_Task item_
Below are records with pictures in them. Output exactly the lines from the one with "Signed Art Book" through the one with "AMMSUN Beach Cabana", both included, and leave every picture out; give only those lines.

_Material provided_
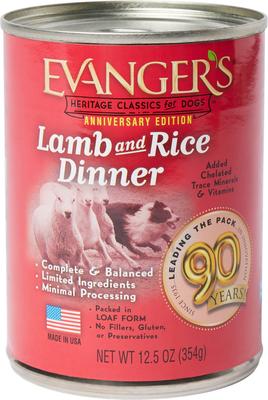 Evanger's Classic Recipes Lamb & Rice Dinner Canned Dog Food, 12.5-oz, case of 12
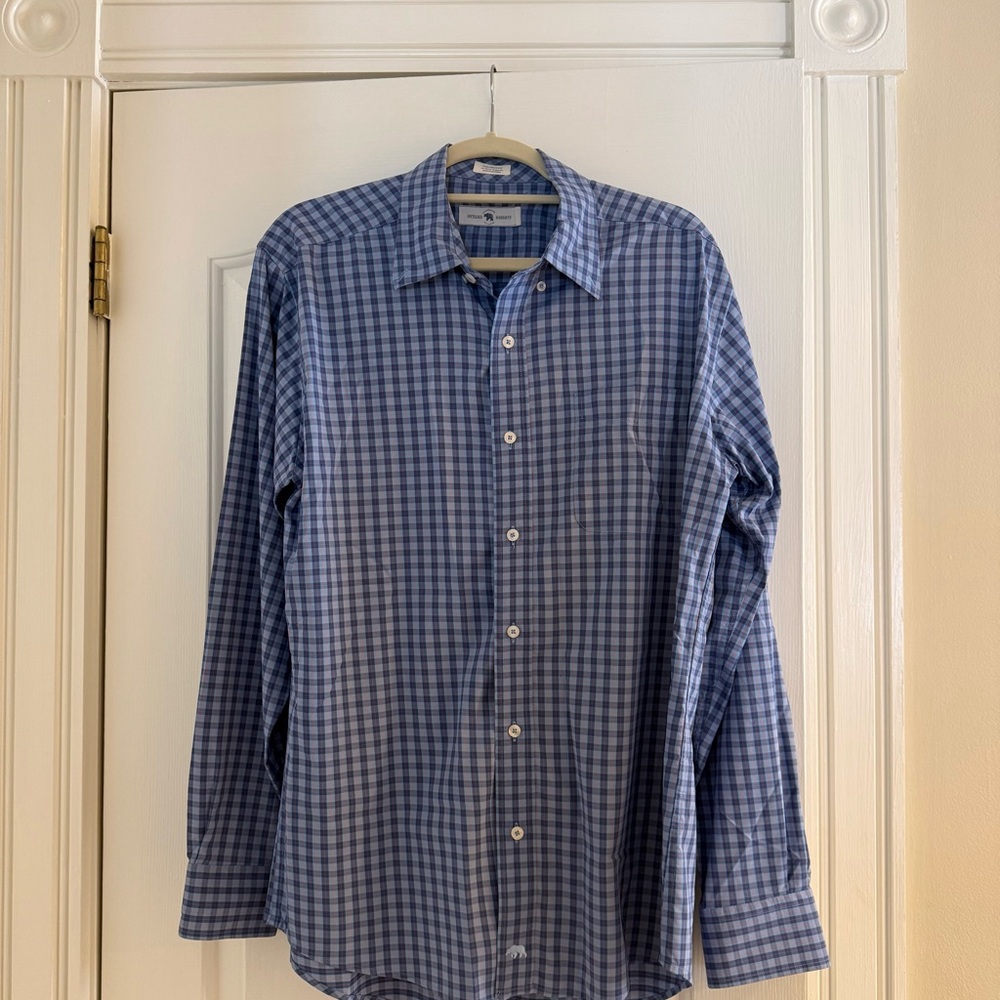 Classic Blue Checkered Men's Shirt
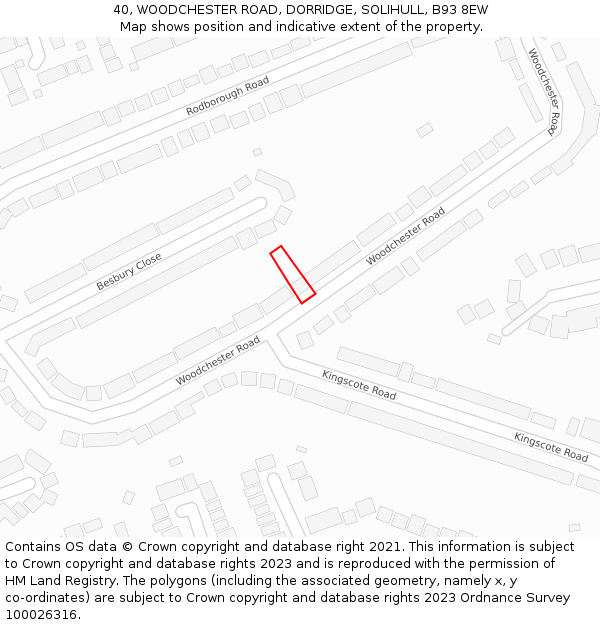 40, WOODCHESTER ROAD, DORRIDGE, SOLIHULL, B93 8EW: Location map and indicative extent of plot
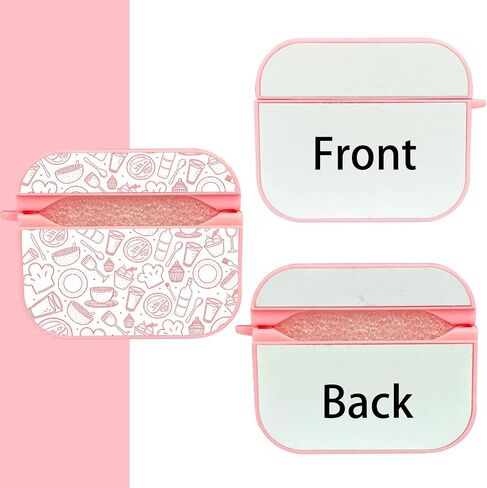5 PCS Sublimation Hard Plastic Blanks Case Cover Compatible with AirPods 3 (2021) DIY Blank Case Gifts Personalized Printing Cases with Inserts Pink in Saudi Arabia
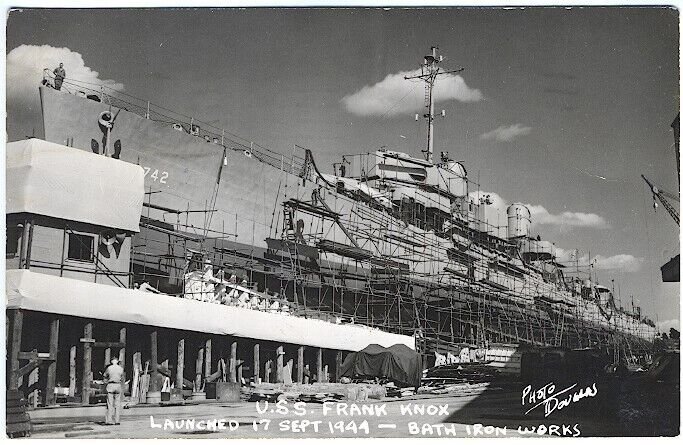 Bath ME USS Frank Knox Launched 1944 at Bath Iron Works Real Photo RPPC Postcard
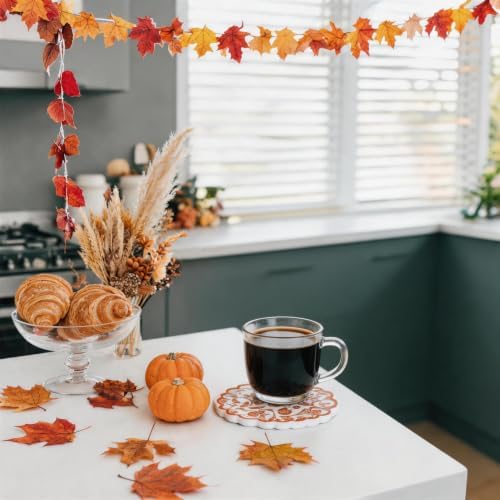 Fall Ceramic Drink Coasters Set 4 Scalloped Edge Flowers Birds Fruits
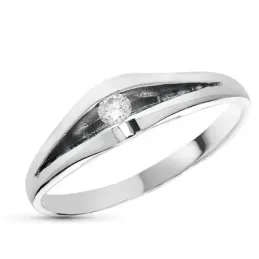 Solitario oro blanco 18k mujer diamante talla brillante 0.10ct. centr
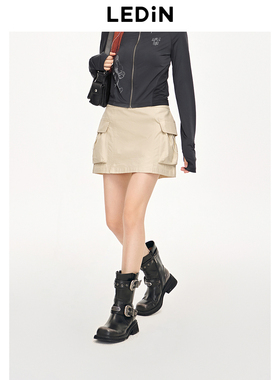 乐町夏季美式辣妹轻工装方块裙C2GEE2147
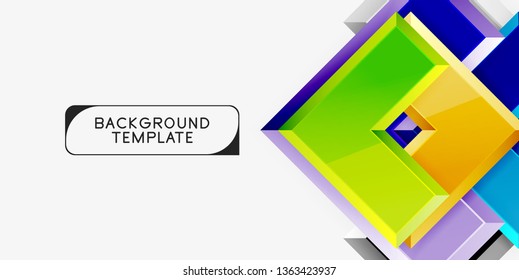 Fondo geométrico moderno brillante, composición de flechas abstractas. Vector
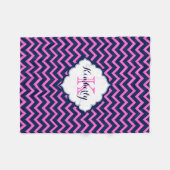 Couverture Polaire Monogramme Marine-Bleu Et Rose Zigzag Chevron (Devant (Horizontal))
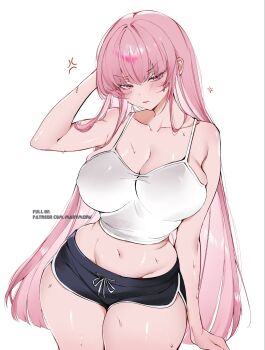  1girl anger_vein bare_arms black_shorts blush breasts camisole cleavage closed_mouth commentary cowboy_shot crop_top dolphin_shorts english_commentary hand_up highres hololive hololive_english large_breasts long_hair looking_at_viewer midriff mori_calliope navel nyanyaqwi pink_eyes pink_hair short_shorts shorts sidelocks simple_background solo sweat very_long_hair virtual_youtuber white_background white_camisole 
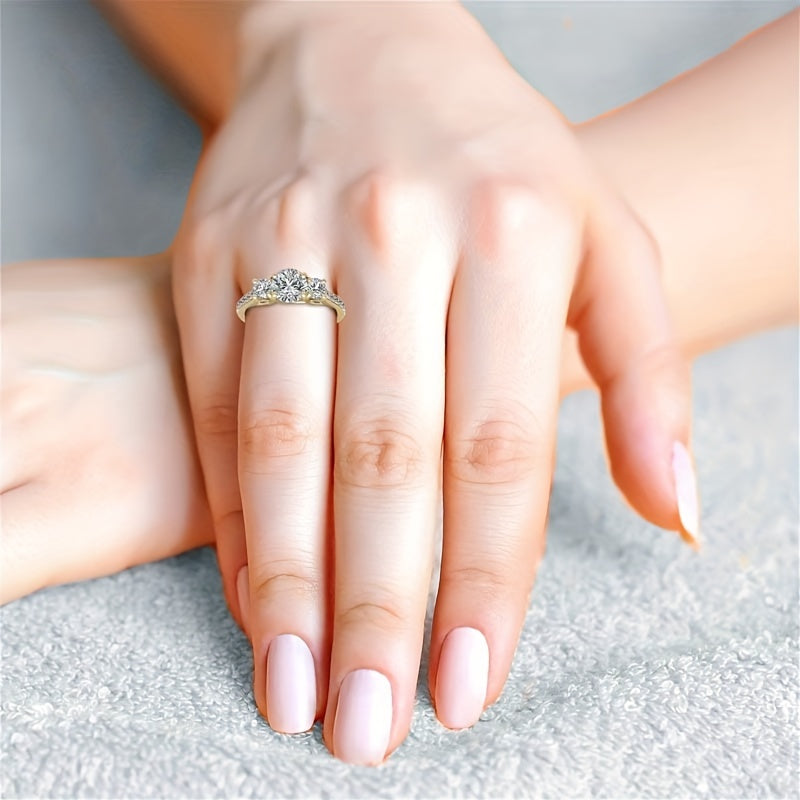 1pc Elegant 3-Stone Moissanite Engagement Ring for Women, 14K Golden Plated 925 Silver, Round Synthetic Stones, 4-Prong Setting, Ideal for Wedding & Valentine'S Day Gift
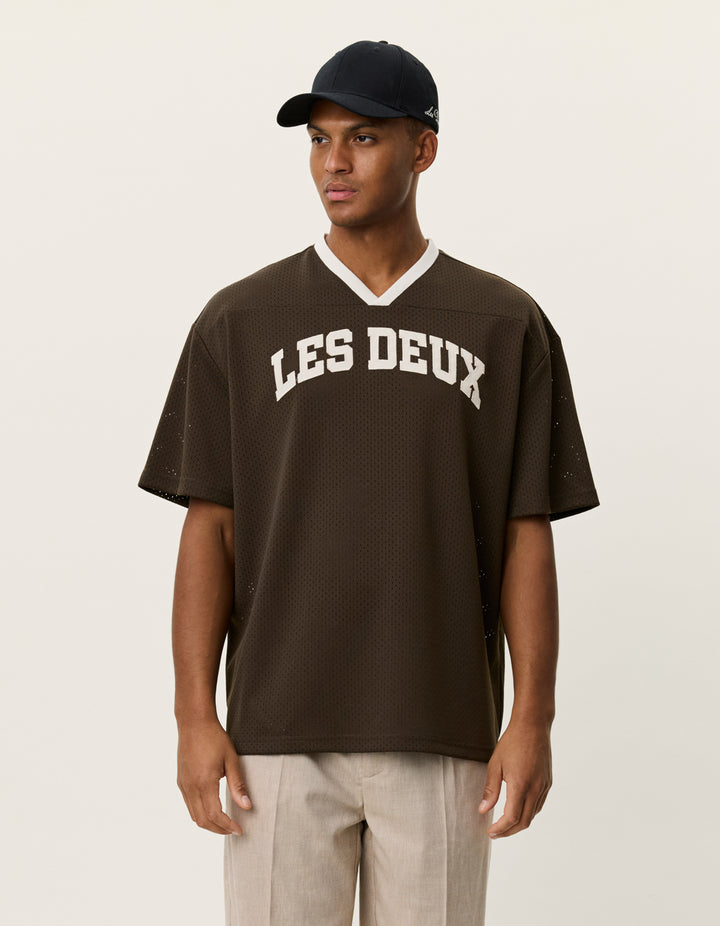 Les Deux Bronson Mesh T-Shirt in Turkish Coffee Brown | Buster McGee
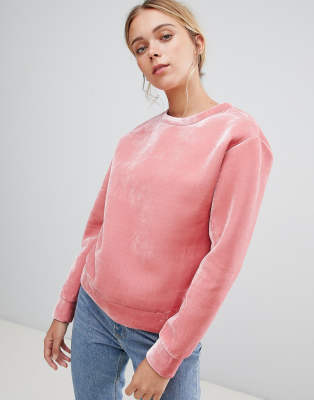 pink velvet sweatshirt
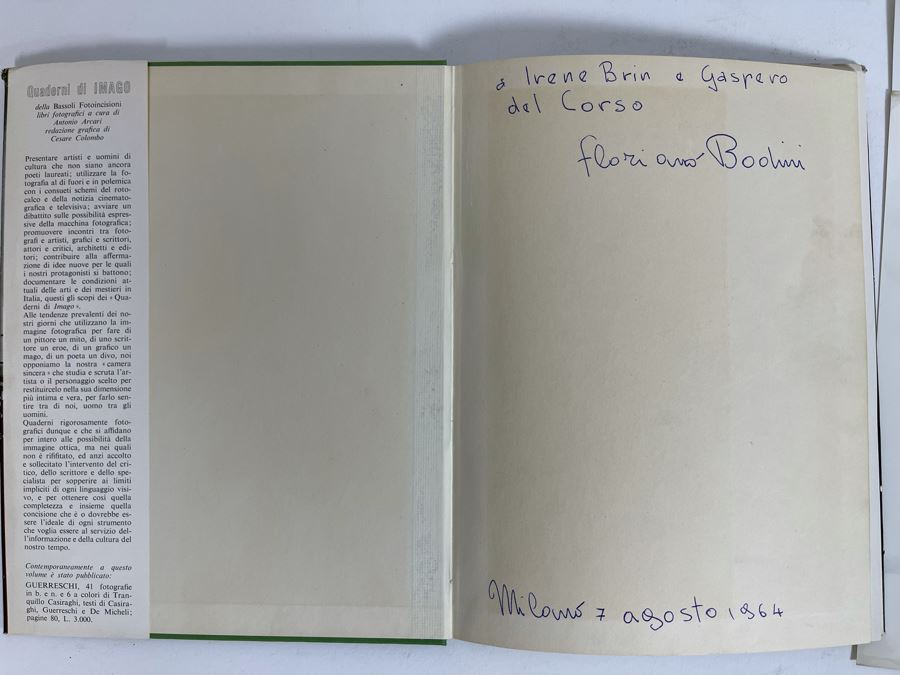 Signed Art Book Of Artist Floriano Bodini Sculptures Photography By Pepi Merisio Signed By Artist Floriano Bodini With Pair Of 8 X 10 B&W Photographs Of His Sculptures [Photo 6]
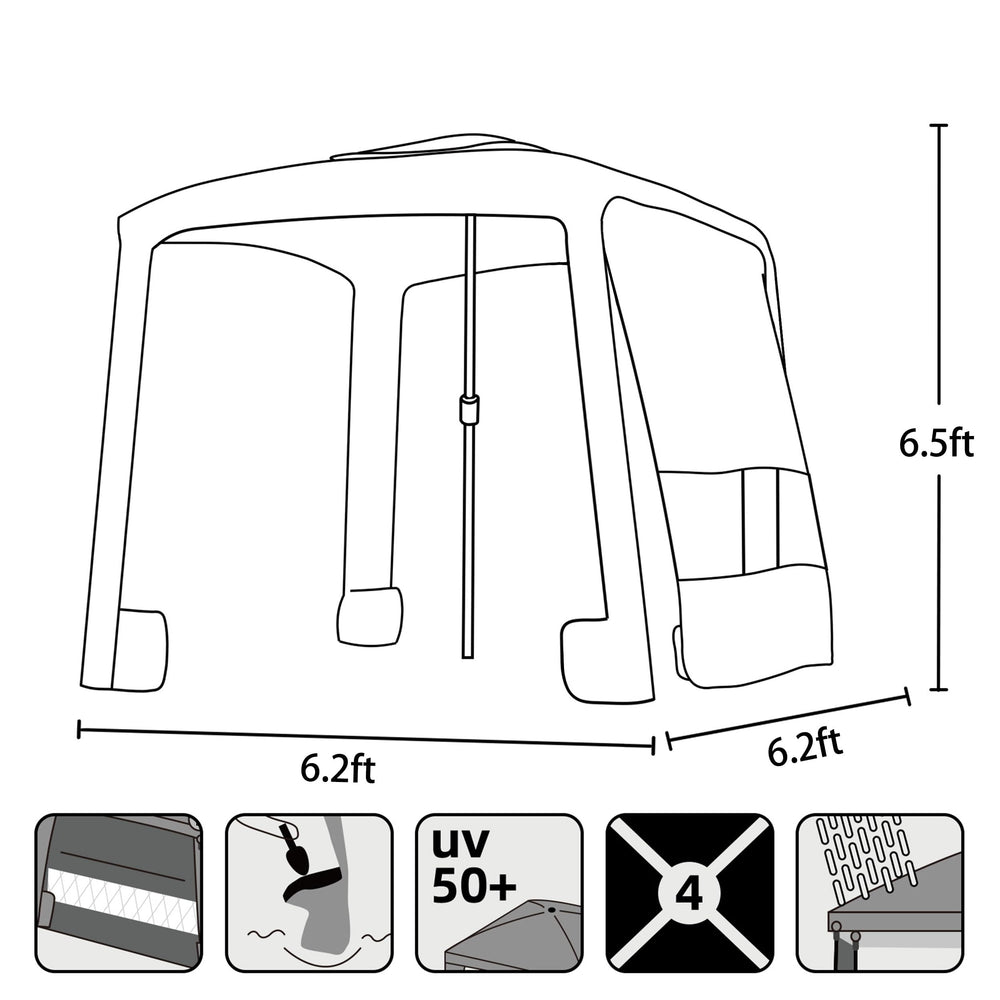 AMMSUN Beach Cabana side-wall detachable shows full-coverage shade option.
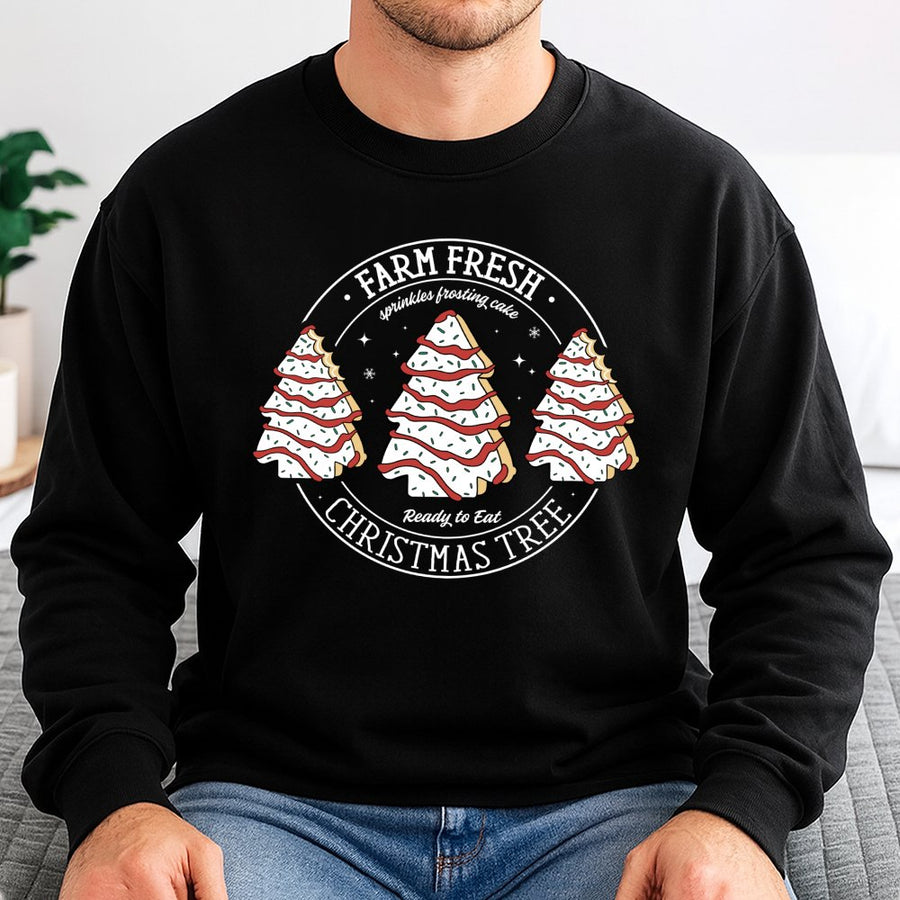 Farm Fresh Christmas Tree Cakes Sweatshirt | Retro Holiday Snack Graphic | Unisex Premium Cotton Blend | Funny Christmas Baking Gift
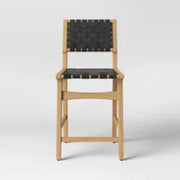 Ceylon Woven Counter Height Barstool Black/Natural - Threshold™: Rubberwood Frame, 24" Seat Height
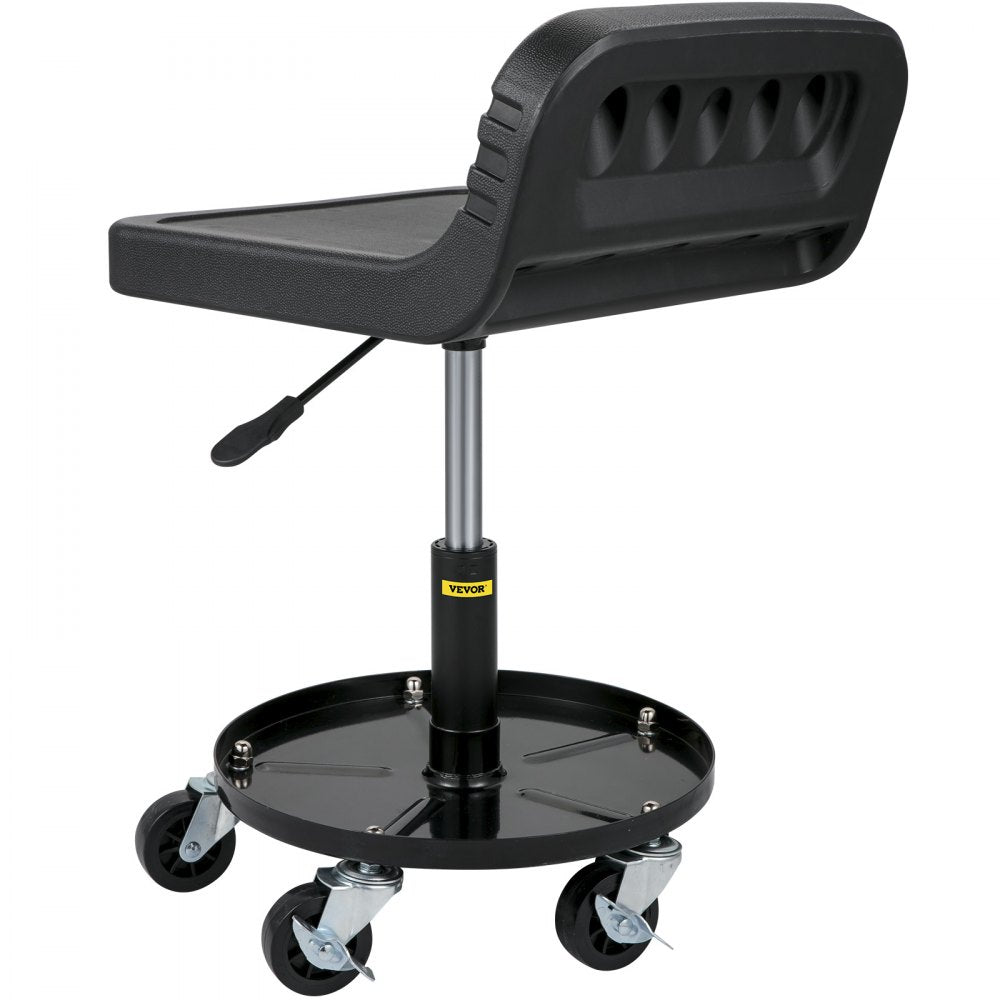 VEVOR Rolling Garage Stool, 300LBS Capacity, Adjustable Height from 15.7 in to 20.5 in, Mechanic Seat with 360-degree Swivel Wheels and Tool Tray, for Workshop, Auto Repair Shop, Black 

_Exercise result_
 Signed Art Book Of Artist Floriano Bodini Sculptures Photography By Pepi Merisio Signed By Artist Floriano Bodini With Pair Of 8 X 10 B&W Photographs Of His Sculptures [Photo 6]
 AMMSUN Beach Cabana side-wall detachable shows full-coverage shade option.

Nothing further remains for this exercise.